JUDGMENT Malik, J. - I have heard learned Counsel for the parties. The Plaintiff is the landlord and he filed a suit for arrears of rent from the Defendants who are his tenants for the period 1344 (Rabi) to 1346 Fasli. The claim was at the rate of Rs. 177 5-0 a year. The Plaintiff's allegations, were that by a registered agreement dated the 12th September, 1929, the Defendants had agreed to pay rent at that rate. 2. The Defendants challenged the validity of this agreement on the ground that u/s 50 of the Agra Tenancy Act (111 of 1926), which is now Section 119 of the, U.P Tenancy Act, 1939, the agreement, was void. u/s 50, Sub-Section 2 of the Act of 1926 the rent of a tenant of the class enumerated in the first part of the section could not be enhanced by more than one fourth of his existing rent. It is argued that the agreement being in contravention of this section was void. The recorded rent payable before this agreement was Rs. 78-12-0 and it could not therefore, be increased by more than Rs. 19 11-0. 3. It was contended on behalf of the Plaintiff that this was not an agreement for enhancement of rent, but under this agreement occupancy rights had been conferred on the Defendants on certain terms and the agreement was, therefore, enforceable. The document was considered by the lower appellate Court which held that there was nothing in the document to show that any occupancy rights had been conferred. The document has not been translated nor has the finding of the lower appellate Court on this point been challenged before me. The position, therefore, is that the finding of the lower appellate Court that this was an agreement by which rent was enhanced remains unchallenged. 4. The only point that has been argued is that the lower appellate Court was not right in decreeing the Plaintiff's suit for rent at Rs. 78-12-0 only. According to learned Counsel, the agreement should have been held valid to the extent of one-fourth of Rs. 78-12-0 and it may have been held to be invalid for any amount in excess of that figure, i.e., in excess of Rs. 19-11-0. 5.

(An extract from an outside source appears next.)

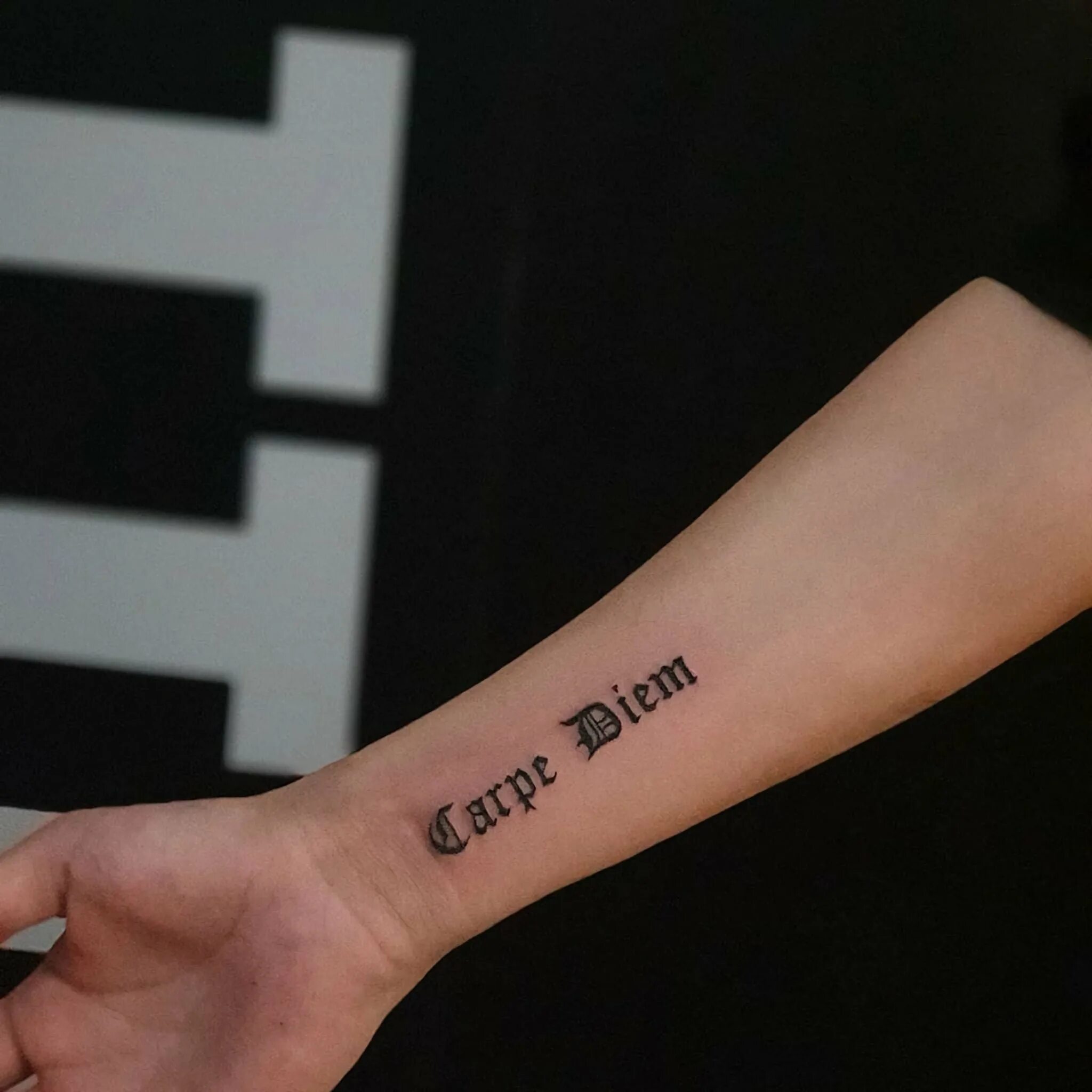 тату надписи. тату надписи для мужчин. тату надпись на руке. татуировки надписи на латыни. надписи на руках на латыни.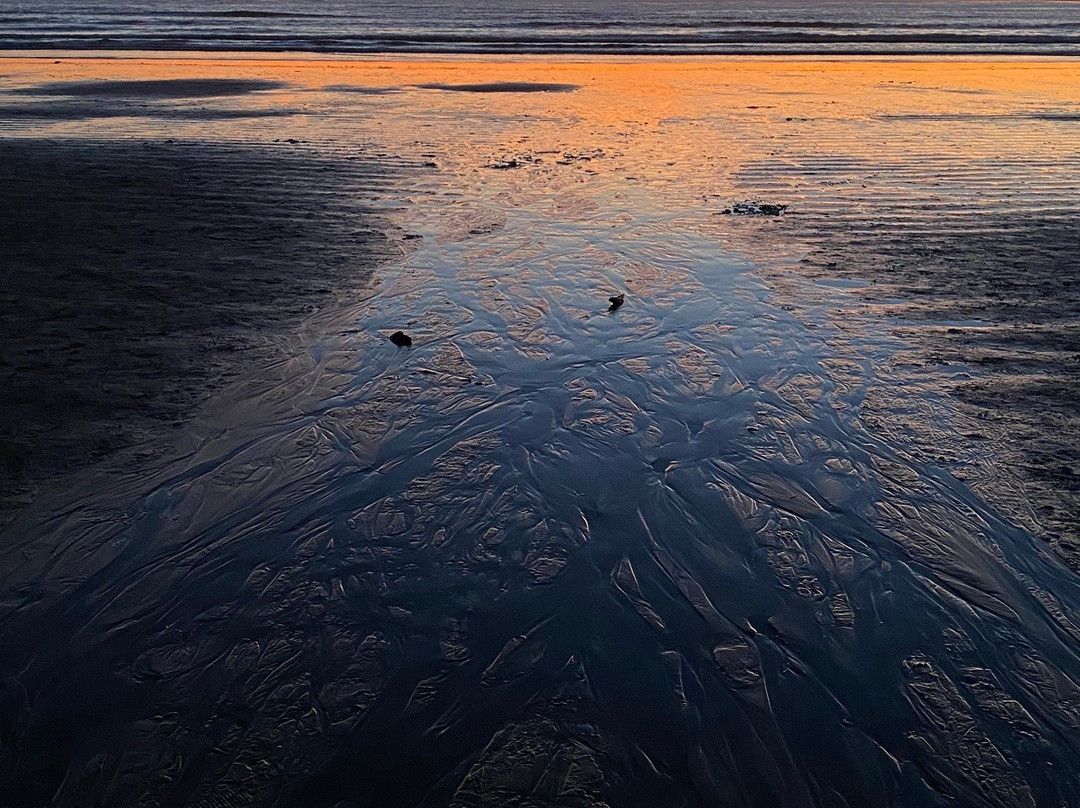 Cox Bay Beach景点图片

78-12-0 only. According to learned Counsel, the agreement should have been held valid to the extent of one-fourth of Rs. 78-12-0 and it may have been held to be invalid for any amount in excess of that figure, i.e., in excess of Rs. 19-11-0. 5. Section 50 of the Agra Tenancy Act 1926, lays down that the rent of such tenant shall not be enhanced by more than one-fourth of his existing rent.... 6. Under Sections 23 and 24 of the Indian Contract Act the consideration or object of an agreement is unlawful if it is forbidden by law or is of such a nature that, if permitted, it would defect the provisions of any law, and if any part of a single consideration is unlawful the agreement is void. Learned Counsel for the Respondents has urged that the agreement being void, this Court cannot decree the Plaintiffs suit for anything more than Rs. 78-12-0 and it can not make a fresh contract for the parties. On the language of Section 50 of the Agra Tenancy Act I was inclined to hold that the contract would be valid to the extent of one-fourth and void as regards the balance. Learned Counsel has however, cited very high authorities for the view that the contract is void as a whole and the suit cannot be decreed for anything more than Rs. 78/12. He has relied on a judgment of Maclean C. J. and Banerjee J. in the case of Kristodhone Ghose v. Brojo Bogindo Roy (1907) 24 Cal. 895. In that case a similar argument was advanced and their Lordships observed that the Appellant had contended that the contract was severable and that the good part could be severed from the bad, and a decree could be given for the good part, that is for so much of the enhanced rent as did not exceed the two annas in the rupee. Dealing with this argument their Lordships said that they were not able to accept that view as, if this contention was a lowed, the landlord could enter into an agreement for an enhanced rent far beyond the statutory limit, run the risk of the raiyat subsequently disputing it, and if he did, then ask the Court to give him an enhancement only within the statutory limit.
Their Lordships further went on to quote the cases of Pickering v. II fracombe Railway Company L.R. 3 CP 235 and Baker v. Hedgecock L. R. 39 ChD 520 (sic), and also the opinion of Mr. Justice Chitty that the Court cannot create or carve out a new covenan for the sake of validating an instrument which would otherwise be void 7. I must, therefore, accept that view and dismiss the appeal. 8. The result is that I dismiss this appeal with costs. 9. Leave to file an appeal under the Letters Patent is granted.